The new 2009 Toyota Matrix is bigger than the previous version, but Toyota hasn't lost sight of this being its smallest crossover vehicle. You can carry four big people or drop three seats and slide a short board inside; four doors make loading kids, dogs and miscellaneous cargo a cinch. 

All run on regular unleaded fuel and rate at least 20 mpg in the city; the 2.4-liter upgrade engine pushes 30 mpg on the highway, while the smaller engine and five-speed manual, which are as much fun to drive as the big automatics, run mid 20s in the city and low 30s highway. Given Toyota's history we can't imagine they will require much in the way of expensive repairs or maintenance. Engines were a weak point on the previous-generation Matrix, so the 2009 represents a big upgrade. 

Check out the Matrix if you want the reliable reputation of the Corolla with less visual boredom, if you need a urban runabout that's cheap to buy and run, or just because it's logically all you really need in a land of average speeds hovering in the mid-30-mph range. The Matrix doesn't stand out anywhere as much as it provides a useful, better than average package for any purpose short of pickup-sized building materials or a trip to the red carpet. In short, the new Toyota Matrix is a very sensible choice. 

By price and hatchback design, the Matrix slots into multiple categories for cross-shoppers, including roomy compact cars such as the Honda Fit, Nissan Versa, Subaru Impreza, and VW Golf; small vans and crossovers such as the Honda CR-V, Kia Sportage/Hyundai Tucson, Mazda5, Nissan Rogue; and the less-easily categorized Chevrolet HHR, Dodge Caliber, Scion xD, and Suzuki SX4. 

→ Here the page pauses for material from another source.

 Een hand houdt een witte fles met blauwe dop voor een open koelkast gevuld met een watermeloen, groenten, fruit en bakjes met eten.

The 2009 Toyota Matrix comes in base, S, S AWD, and XRS models. 

The standard Matrix ($16,190) uses a 1.8-liter engine and five-speed manual gearbox and comes with cloth upholstery, air conditioning, 60/40 split-fold rear seat, AM/FM/CD stereo compatible with MP3/WMA files, input jack and XM satellite radio, tilt-and-telescoping steering wheel, Optitron (electroluminescent) gauges with tachometer, power mirrors, intermittent wipers, engine immobilizer, and cargo cover. A five-speed manual gearbox comes standard, a four-speed automatic transmission is available as a separate model ($17,000). Options include alloy wheels, six-speaker radio upgrade, power locks/windows, keyless entry, cruise control, moonroof, lighter, an all-weather package (heated mirrors, intermittent rear wiper, rear-seat heat ducts), electronic stability control. 

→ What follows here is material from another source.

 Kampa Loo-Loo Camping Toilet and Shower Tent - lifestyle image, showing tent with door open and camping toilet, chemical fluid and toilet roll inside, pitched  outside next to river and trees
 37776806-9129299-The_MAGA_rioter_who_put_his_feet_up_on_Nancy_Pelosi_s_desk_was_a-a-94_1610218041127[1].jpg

Matrix S ($18,260) comes with the 2.4-liter engine and five-speed gearbox. Standard features include the six-speaker radio, power windows/locks, keyless entry and intermittent rear wiper plus a 115-volt AC outlet and larger rear brakes. Options include a JBL sound system or navigation with real-time traffic (you can't have both), moonroof, rear spoiler, cruise control, electrochromic interior mirror w/compass, lighter, 17-inch alloy wheels, the all-weather package, electronic stability control and a five-speed automatic ($19,450). 

Matrix S AWD ($20,400) uses the 2.4-liter engine, a four-speed automatic and all-wheel drive; it also includes a fully independent rear suspension, larger rear brakes, and the all-weather package. Options on the all-wheel drive are similar to S, excepting the all-weather and five-speed automatic. 

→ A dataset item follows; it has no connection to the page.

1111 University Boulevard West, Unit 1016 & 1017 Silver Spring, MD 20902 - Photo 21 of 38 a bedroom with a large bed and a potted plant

Matrix XRS ($20,660) comes with the 2.4-liter and five-speed manual, plus seat fabric upgrade, 215/45R18 tires on alloy wheels, front strut brace, electronic stability/traction control, three-spoke leather steering wheel, rear spoiler, fog lamps, and the independent rear suspension and big rear brakes. XRS options are limited to the JBL sound system or navigation, moonroof, cruise control, lighter, all-weather, and five-speed automatic transmission ($21,850). 

Safety features that come on all models include front airbags, front side airbags, side curtain airbags, antilock brakes with brake assist, tire pressure monitors, and daytime running lights. Electronic stability control is standard on XRS and optional on others.